Improving performance¶

In [1]:

%matplotlib inline
# dask and distributed are extra installs
from dask.distributed import Client, LocalCluster
import matplotlib.pyplot as plt
import mdtraj as md
traj = md.load("5550217/kras.xtc", top="5550217/kras.pdb")
topology = traj.topology

Much of the core computational effort in Contact Map Explorer is performed by MDTraj, which uses OpenMP during the nearest-neighbors calculation. This already provides excellent performance for a bottleneck in the contact map creation process. However, Contact Map Explorer also has a few other tricks to further enhance performance.

Dask¶

For multi-frame contact maps and contact trajectories, Contact Map Explorer can use Dask to parallelize across frames. Note that Dask is not required to install Contact Map Explorer, so you must install Dask separately to benefit from it.

When using Dask, a few things are different:

You need to provide a distributed.Client to the DaskContactFrequency or DaskContactTrajectory.
You need to provide the filename (and any other arguments needed by MDTraj, instead of the trajectory itself.

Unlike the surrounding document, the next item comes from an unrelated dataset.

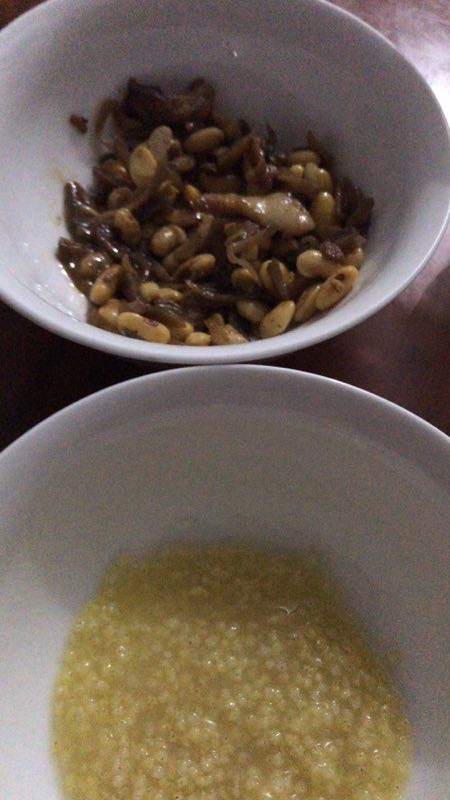 这轮韭菜长势很喜人，连根都拔了······员工数量一直在减少，最开始北京600人后来才二百人，业绩却比之前六百人高······一个错手。下半辈子完蛋了······我们还有心思上来诉苦聊一聊。真正陷进去的，压根说不出话······除了怀疑人生，也不相信人生······信自己，有钱放家里，有太阳摆出来晒晒······怪不得读书的时候经济科老师说，中国的金融和股票他看不懂，让我们好好打一份工······善林金融 2018.5.11-0:44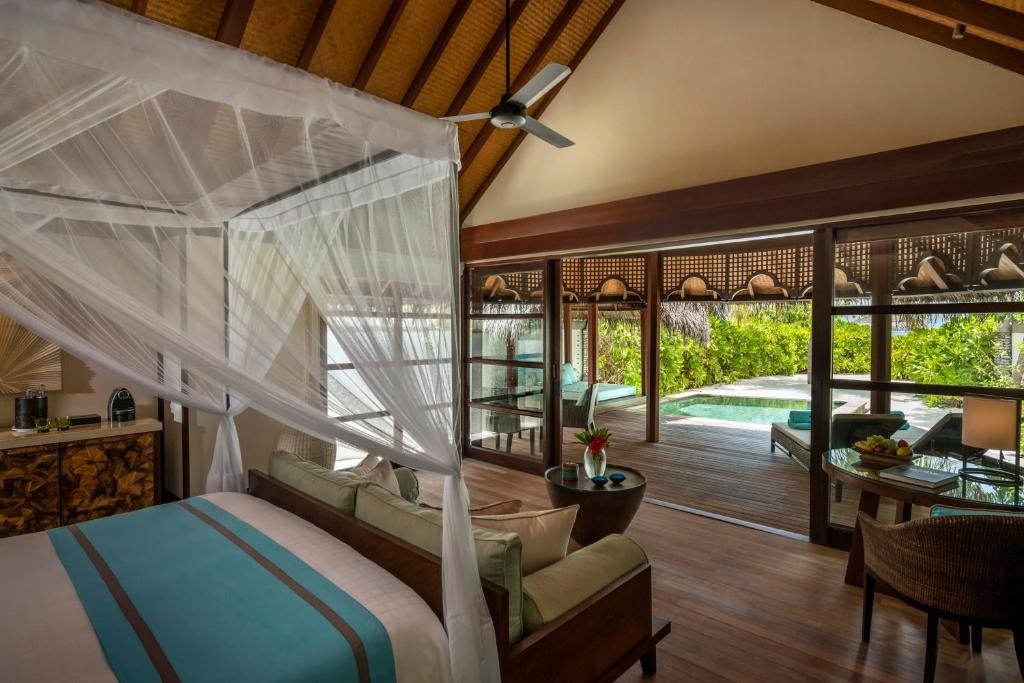 Four Seasons Resort Maldives at Kuda Huraa 10/58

Dask might not give any performance boost on a single machine, but can be very useful if parallelizing across multiple machines. Because this directly takes a Client, it is easy to interface this with tools like dask-jobqueue.

In [2]:

from contact_map import DaskContactFrequency, DaskContactTrajectory
from distributed import Client
client = Client()
client

Out[2]:

Client

Scheduler: tcp://127.0.0.1:33727
Dashboard: http://127.0.0.1:8787/status

Cluster

Workers: 4
Cores: 12
Memory: 15.26 GiB

In [3]:

%%time
freq = DaskContactFrequency(
    client=client,
    filename="5550217/kras.xtc",
    top="5550217/kras.pdb"
)
# top must be given as keyword (passed along to mdtraj.load)

CPU times: user 312 ms, sys: 30.3 ms, total: 342 ms
Wall time: 3.62 s

In [4]:

# did it add up to give us the right number of frames?
freq.n_frames

Out[4]:

In [5]:

# do we get a familiar-looking residue map?
fig, ax = freq.residue_contacts.plot()

The same can be done for a DaskContactTrajectory. Here, we use the data from and compare to contact_trajectory.ipynb

In [6]:

traj_2 = md.load("data/gsk3b_example.h5")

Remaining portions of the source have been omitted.